Miasma of meat
The USDA has just announced the largest beef recall in U.S. history: 143 million pounds from a California slaughterhouse. A Humane Society of the U.S. undercover investigator documented egregious abuses of non-ambulatory or “down” cows here. Cows were kicked, shocked with electric prods and some even had high-powered water jets pushed into their noses, a non-human form of “waterboarding.” This is generally agreed to be a form of torture. Such animals are not, by California law, allowed to make it into the human food chain, but some did (and there’s a loophole in the federal law, too, that makes this possible). The California law was the result of years of work by Farm Sanctuary and other groups and individuals.
The recalled meat was sold into school lunch programs across the country. What, at least one journalist asked, will the kids eat? Well, if the head of the Intergovernmental Panel on Climate Change (IPCC) has his way, much less meat. Rajendra Pachauri, head of the Nobel Peace Prize winning (with Al Gore) IPCC and a vegetarian, said recently in Paris: ride a bike, be a frugal shopper and eat less meat. “Meat is a very carbon intensive commodity,” he added, urging a new focus on individual lifestyle changes in the global effort to stem climate change.

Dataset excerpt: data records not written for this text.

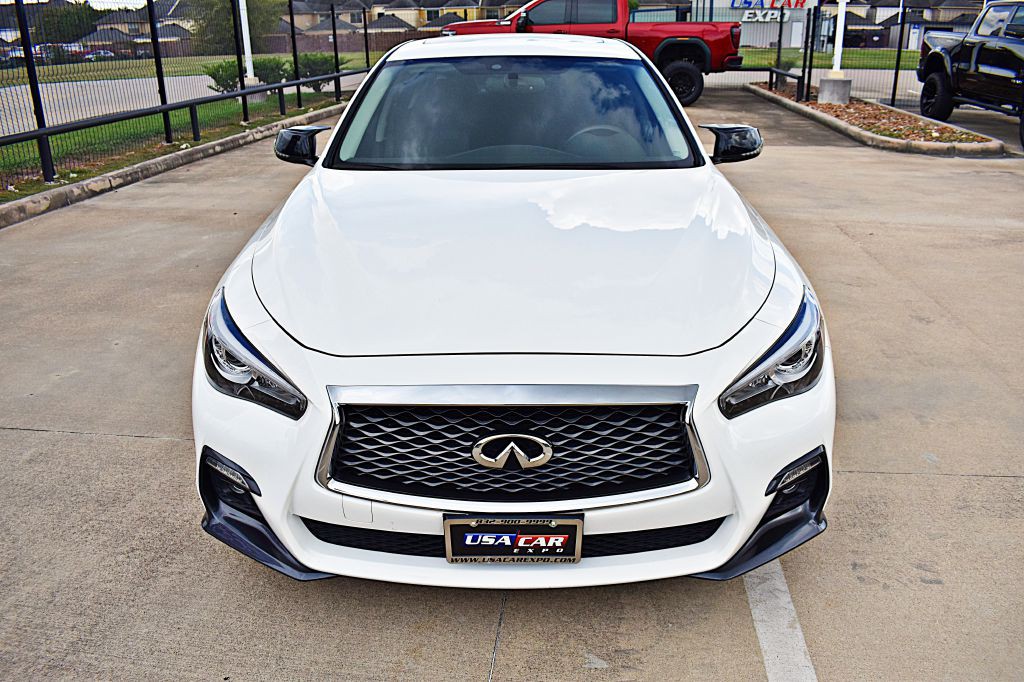2018 INFINITI Q50 Image 12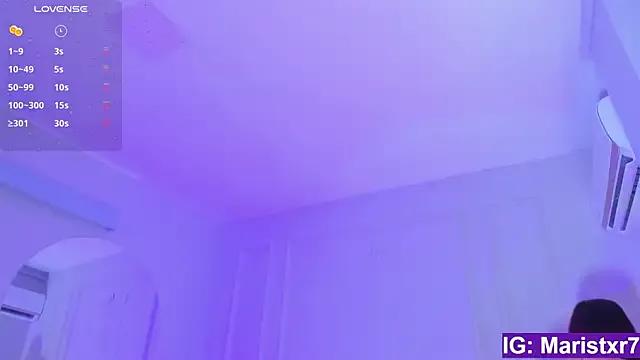 Maristxxr on StripChat
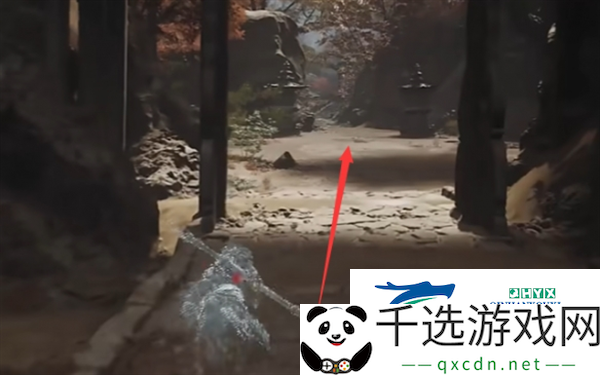 黑神话悟空紫云山落花庄土地庙在哪-紫云山落花庄土地庙位置一览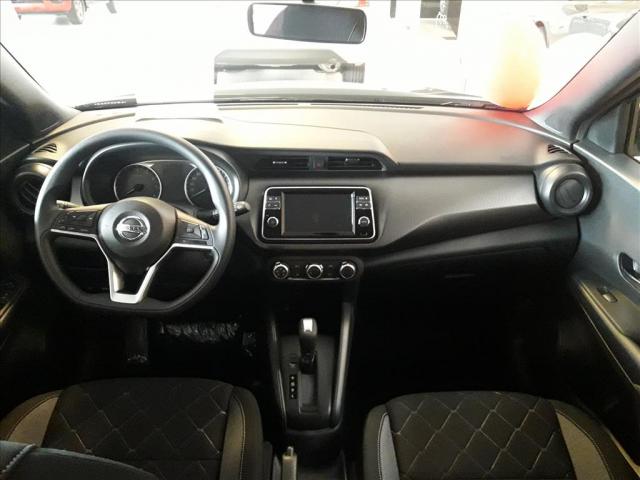 NISSAN KICKS 1.6 16V FLEXSTART S DIRECT 4P XTRONIC - Foto 8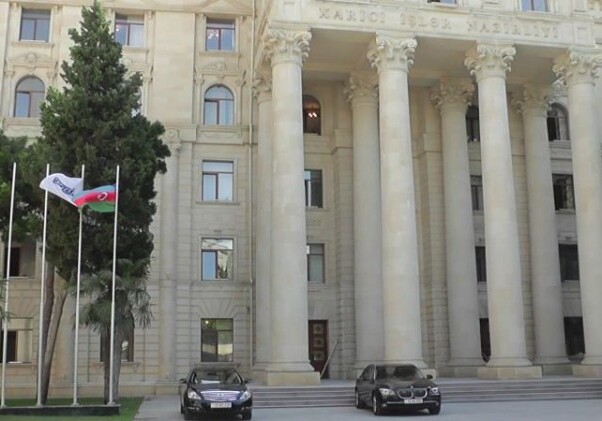 Послу США в Азербайджане вручена нота протеста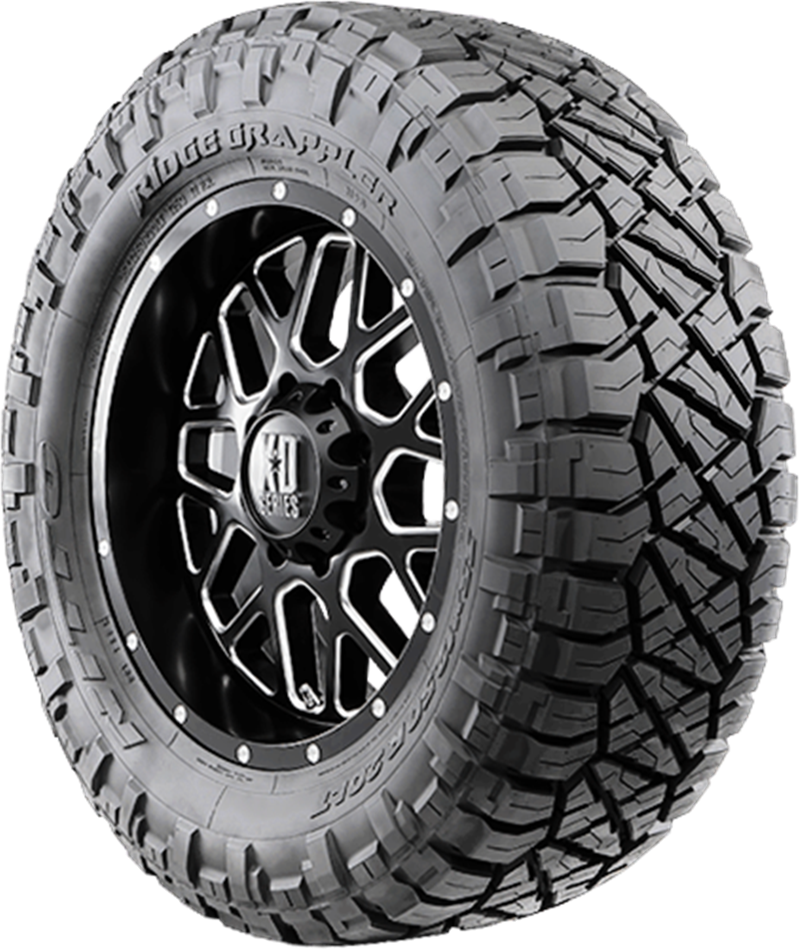 NITTO RIDGE GRAPPLER | 33X12.50R20LT | F | All Season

Meanwhile, factory farms — facilities in which vast numbers of animals are raised for meat and eggs — continue their rapid spread. Click here to see how many factory farms, and how many animals, color the American landscape. This helpful map has been created by Food & Water Watch. But it’s entirely domestic, and factory farms are no longer only made in the U.S.A. They’re spreading, or being spread, to Asia and Latin America and even Africa with what can only be called steely determination. No map of this…yet.